I called the lads together without loss of time, repeating to them what Cox had said, and again was I made glad when they agreed without hesitation to take him among us.

John Sammons was sent to bring up the new member of the company, and Sergeant Corney said, grimly, as he tried without avail to pucker his wrinkled face into a frown:

"At this rate you'll soon lose the right to call yourselves Minute Boys, because this 'ere company is fast becomin' a refuge for the aged and outcast."

There was to be mourning as well as gladness among us on this the last day we were to spend in Fort Schuyler.

Toward noon a messenger from the general commanding came in, bringing with him the sad news that General Herkimer was dead of his wounds, or, perhaps I should say, because of his wounds.

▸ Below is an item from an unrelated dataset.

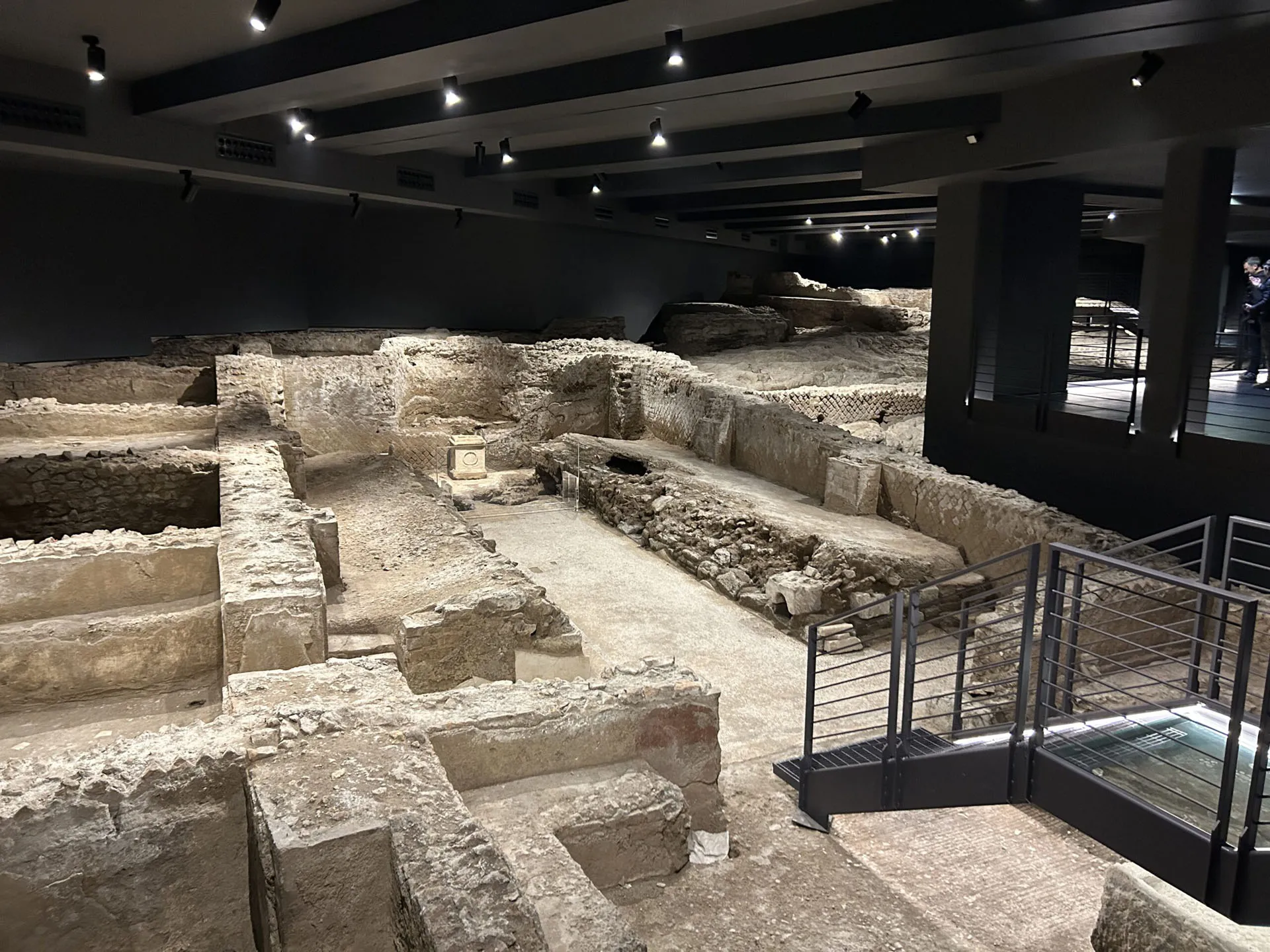 antiquarium-citta-del-sole-00001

As we were told, the general was safely taken to his home after the battle, being carried on a litter the entire distance. The weather was very warm, and soon the wound became gangrenous. Nine days after his arrival, a young French surgeon who had been with General Arnold's force visited the house, and claimed that the injured limb should be cut off without delay, as the only means of saving the sufferer's life.

The family doctor objected very strongly; but the general's family had faith in the Frenchman, although it is claimed he had evidently been drinking heavily, and the leg was cut off. The operation was performed so unskilfully that it was impossible to entirely check the flow of blood, and the Frenchman, indulging in more wine, became so badly intoxicated that, even had he known how, it would have been beyond his power to take the proper measures.

There was no other surgeon to be had, and toward the close of the day, when the brave old general came to understand that his end was very near, he asked for the Bible, from which he read aloud the thirty-eighth psalm, immediately afterward sinking back upon the pillow dead.

"Murdered if ever a man was!" Sergeant Corney cried, when the sad story had been brought to an end, and I was of the same opinion.

There are several forms of mutiny, and some of them are called by other names, but all as dangerous as they are wicked. Because many of those who badgered the brave old soldier to his death paid the full penalty of their crime in the ravine under the hatchet or knife of the savages, it may not be well to say harsh words concerning them; but so long as I live there will always be anger in my heart whenever I hear their names mentioned.